Они требовали возвращения назад, "домой", к тому самодержавно-земскому строю, который был будто бы близок к осуществлению в московской Руси. При этом они настойчиво подчеркивали, что в их призыве нет ничего реакционного. Еще И. В. Киреевский говорил, что "если старое было лучше теперешнего, из этого еще не следует, чтобы оно было лучше теперь"75). "Нужно возвратиться не к состоянию древней Руси, а к пути древней Руси", -- так учили славянофилы. Первыми же практическими шагами к этому возврату домой, к этому "обновлению стариною", они считали два условия: "полная свобода слова устного, письменного и печатного -- всегда и постоянно; и Земский Собор в тех случаях, когда правительство захочет спросить мнение страны"76).

И мы не можем не признать, что в их лозунге "домой" не было, действительно, ничего "реакционного" в общепринятом смысле этого слова. Он означал -- этот лозунг -- лишь указание на только-что нами изложенную концепцию самодержавия.

IV.

     Можно много критиковать эту концепцию. Было бы странной наивностью или капризом слишком изощренного ума отрицать, что в наше время она уже окончательно утратила характер какой бы то ни было практической значимости, политической злободневности. Но, несомненно, она представляет собою большой интерес с точки зрения истории русской политической мысли.

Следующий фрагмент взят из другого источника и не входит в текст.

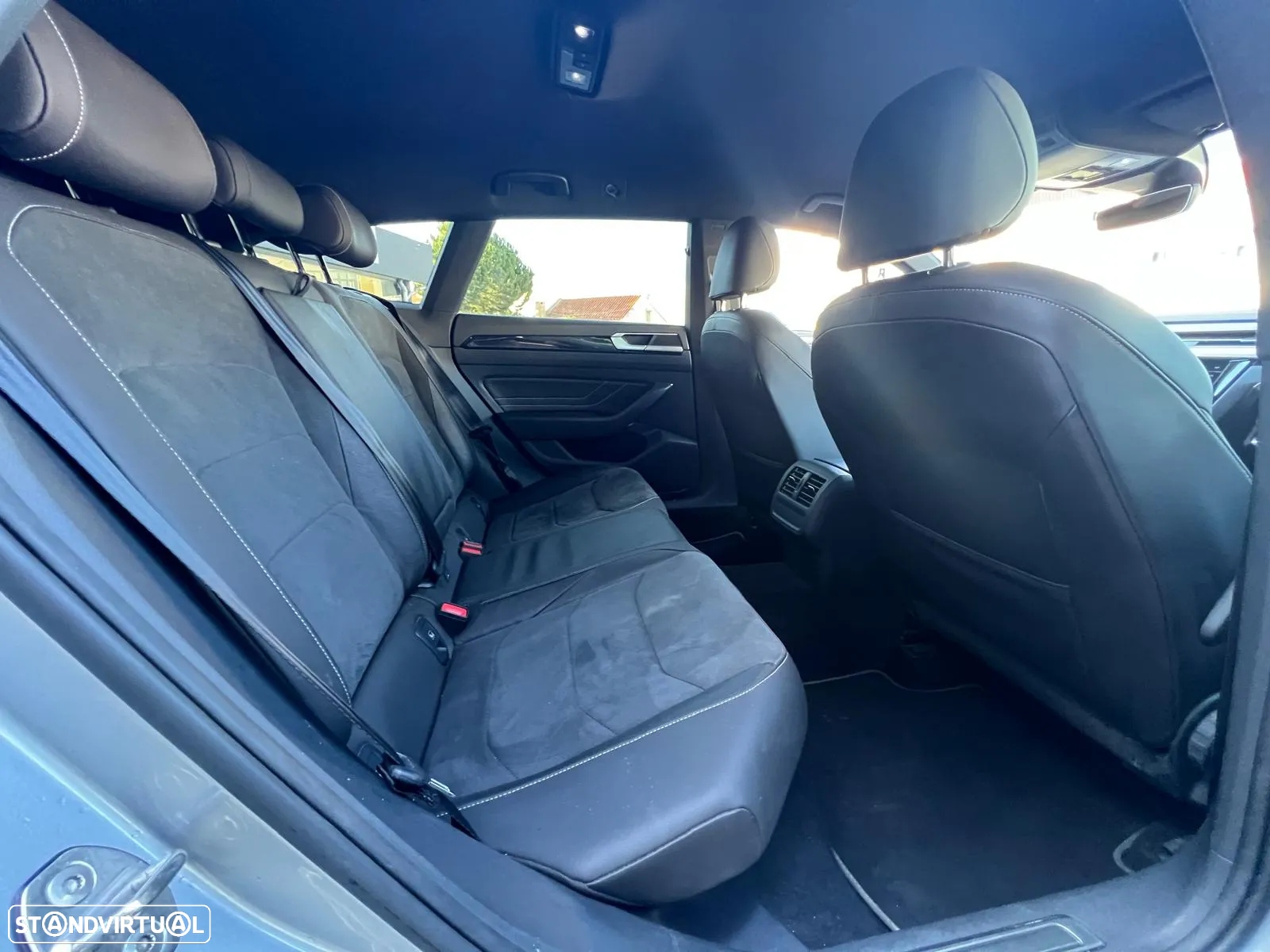 VW Arteon Shooting Brake 2.0 TDI R-Line DSG - 10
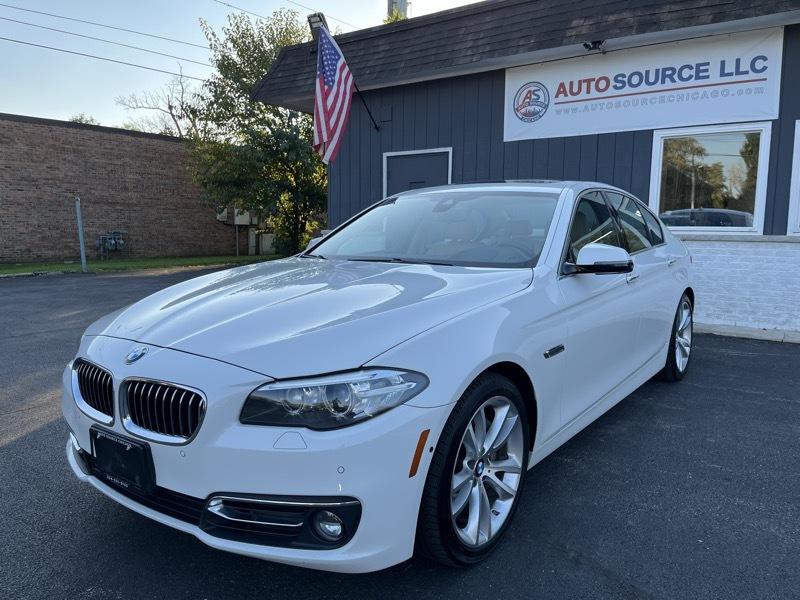 BMW 5-Series 535i xDrive 2015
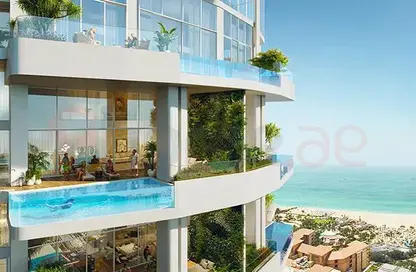 Duplex - 5 Bedrooms - 6 Bathrooms for sale in Liv Lux - Dubai Marina - Dubai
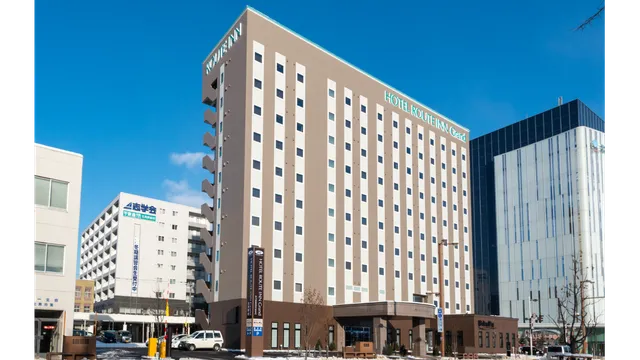 Hotel Route Inn Grand Kitami Ekimae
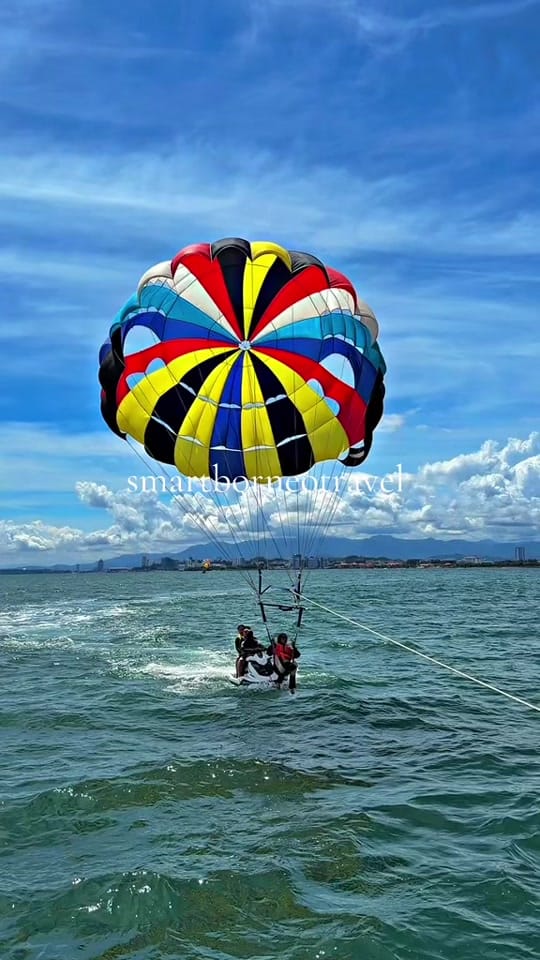 Post 2 by SMART BORNEO TRAVEL & TOUR on TikTok (video)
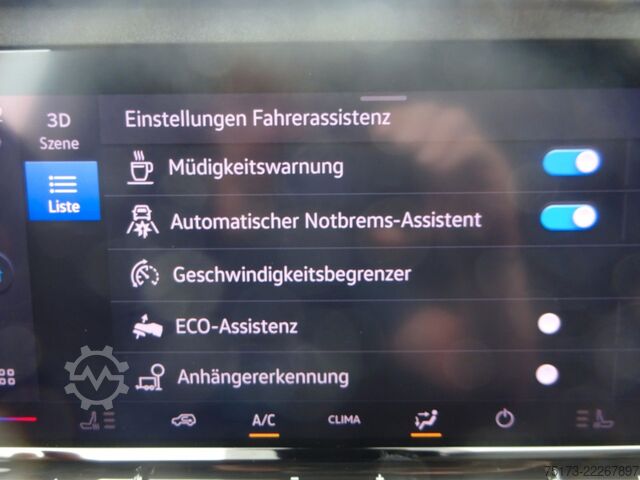 Kastenwagen FORD Grand Transit Connect Kasten L2 FWD Autm. Trend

Она -- своеобразное дитя русского романтизма, идеализма сороковых годов. Нельзя отказать ей в привлекательной нравственной возвышенности, в органическом культурном благородстве. Она развивалась в большом плане целостного культурно-философского и философско-исторического миросозерцания и всецело уяснена может быть только в общей связи с ним. Ее нужно решительно отличать от внешне соприкасающейся с ней теории "официальной народности", оправдывавшей и возвеличивавшей факт русского самодержавия прошлого века независимо от ряда идеологических предпосылок, дорогих для славянофильства. В этих предпосылках больше, чем в конкретных политических рецептах, покоится дух славянофильского учения77).